We conducted our experiments in Ubutu 18.04.6 LTS with 32 logical cores.

Getting started

Use the followng commands to Python3.7, numpy and scikit-learn

apt-get update
apt-get -y install git wget build-essential time zlib1g-dev libncurses5-dev libgdbm-dev libnss3-dev libssl-dev libreadline-dev libffi-dev

#Install Python 3.7
pushd /tmp
wget https://www.python.org/ftp/python/3.7.2/Python-3.7.2.tar.xz
tar -xf Python-3.7.2.tar.xz
cd Python-3.7.2
./configure --enable-optimizations
make -j4
make altinstall
ln -s $(which pip3.7) /usr/bin/pip
mv /usr/bin/python /usr/bin/python.old
ln -s $(which python3.7) /usr/bin/python
popd

# install numpy
pip install numpy

# install scikit-learn
pip install -U scikit-learn

Installing INCAL

git clone https://github.com/ML-KULeuven/incal.git
cd incal
# install Latte
wget https://github.com/latte-int/latte/releases/download/version_1_7_5/latte-integrale-1.7.5.tar.gz
tar -xvzf latte-integrale-1.7.5.tar.gz
cd latte-integrale-1.7.5
./configure
make -j4
make install

cd ..
python setup.py build
python setup.py install
pip install cvxopt
pip install plotting
pip install seaborn
pip install wmipa
pip install pywmi
pysmt-install --z3 #confirm with [Y]es

# Export environment variables
export PATH=$PATH:$PWD/latte-integrale-1.7.5/dest/bin/
export PYTHONPATH=$PWD/incal/experiments
export PYTHONPATH=$PYTHONPATH:$PWD/incal/extras
export PYTHONPATH=$PYTHONPATH:$PWD/incal

Step 2- Install Codeflaws

git clone https://github.com/codeflaws/codeflaws
cd codeflaws/all-script
wget http://www.comp.nus.edu.sg/~release/codeflaws/codeflaws.tar.gz
tar -zxf codeflaws.tar.gz

Step 3- Install LEARN2FIX

Clone the repository

git clone https://github.com/charakageethal/learn2fix-journal-ext.git

To run the experiments of oracle learning with Decision Tree, AdaBoost, Support Vector Machines, Naïve Bayes and Neural networks setups, use the following commands.

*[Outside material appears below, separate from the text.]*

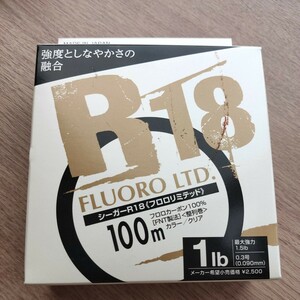 シーガー R18 フロロリミテッド 1lbs 0.3号 100m　クレハ　フロロカーボン　ルアーライン　リーダーやティペットにも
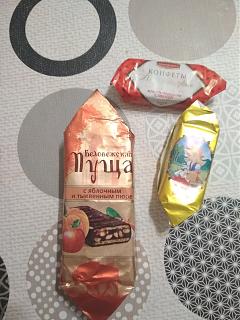 Пальчики оближешь! Наша кулинарная книга-img_20220102_233527.jpg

cd learn2fix-journal-ext/experiments
./experiments_other_classifiers.sh <<path to codeflaws directory>> <<classification algorithm>>

Use the following terms in <<classification algorithm>> to specify the classification algorithms

  • Decision Tree : DCT
  • AdaBoost : ADB
  • Support Vector Machines : SVM
  • Naïve Bayes : NB
  • MLP(20): MLP-20
  • MLP(20,5): MLP-20-5

To run the experiments with INCAL, copy the learn2fix-journal-ext/experiments/experiments_INCAL.sh and learn2fix-journal-ext/experiments/Learn2Fix_INCAL.py to incal/notebooks. Then use the following command

cd learn2fix-journal-ext/experiment
./experiments_INCAL.sh <<path to codeflaws directory>>

Under each run of an algorithm, Learn2fix generates a repair test suite, i.e., an auto-generated repair test suite. To use the auto-generated test suites in further experiments, create a copy of the codeflaws directory after completing the experiment of a classification algorithm. e.g.

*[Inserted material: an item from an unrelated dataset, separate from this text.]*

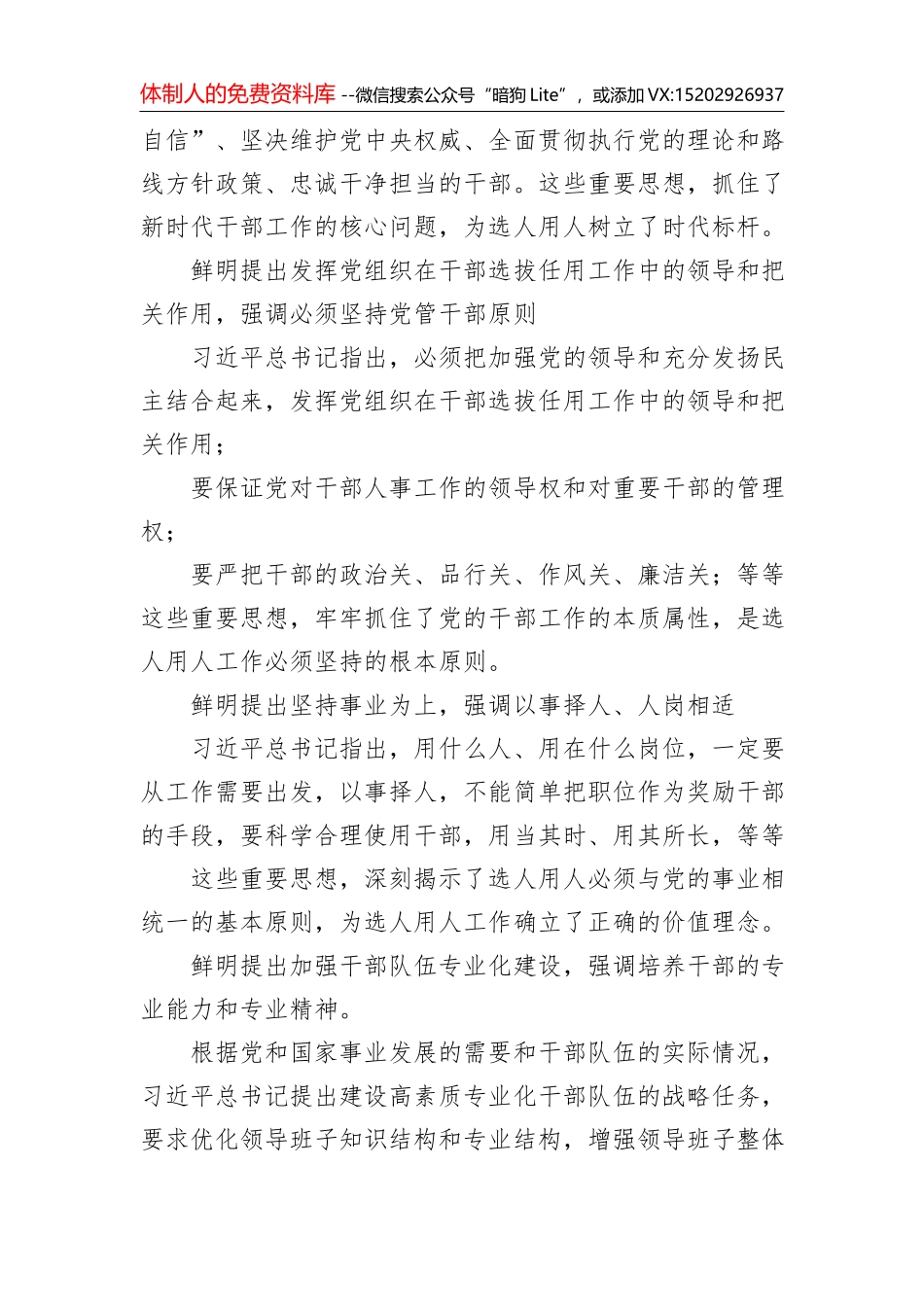 从严治党金句_第2页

cp codeflaws codeflaws_<<classification algorithm>>_repair

Each experiment produces several .csv files, one for each experimental run (e.g. results_it_1.csv for the first run). At the end of the experiment, concatenate all .csv files to create a single file containing all results.

cat results_it_*.csv > results_<<classification algorithm>>.csv
# Use the previous naming conventions e.g.: for decision tree, results_DCT.csv

After completing all the algorithms, use results/RScript_and_CSV/classifier_vs_oracle/Plot_learn2fix_all_classifiers.R to produce the plots. The results that we obtained in the experiments are in results/RScript_and_CSV/classifier_vs_oracle. The .csv files of the classification algorithms can be used to generate the plots of test suite composition. Use learn2fix-journal-ext/results/RScript_and_CSV/classifier_vs_oracle/Plot_learn2fix_test_suites.R for that.

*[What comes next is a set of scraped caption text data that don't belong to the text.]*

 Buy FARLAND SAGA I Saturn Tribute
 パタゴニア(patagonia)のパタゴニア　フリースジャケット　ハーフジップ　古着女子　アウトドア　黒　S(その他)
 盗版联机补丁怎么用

Running repair test suite coverage experiments

For the copy of Codeflaws saved under each classification algorithm in the previous step, run the following script to obtain the coverage of the auto-generated repair test suites.

cd learn2fix-journal-ext/experiment
./experiments_repair_test_suite_coverage.sh <<codeflaws directory>> autogen

To obtain the coverage of the manual, heldout and heldout-golden run the following script under any copy of Codeflaws directory.

cd learn2fix-journal-ext/experiment
./experiments_repair_test_suite_coverage.sh <<codeflaws directory>> manual # Manual repair test suites
./experiments_repair_test_suite_coverage.sh <<codeflaws directory>> heldout # Heldout test suites
./experiments_repair_test_suite_coverage.sh <<codeflaws directory>> heldout-golden $ Heldout test suites on golden versions

Each experiment generates a set of csv files, one for each run. At the end of an experiment, concatenate all .csv files to create a single file containing all results.

cat results_it_*.csv > <<test_suite_name>>_cov.csv

After completing all the experiments, use learn2fix-journal-ext/results/RScript_and_CSV/coverage_repair_test_suites/cov_compare_all.R to generate the plots. The results that we obtained under this section are available at learn2fix-journal-ext/results/RScript_and_CSV/coverage_repair_test_suites/.

The APR tools are run on the auto-generated test suites generated under each classification. Regarding a classification algorithm, it is necessary to have the following.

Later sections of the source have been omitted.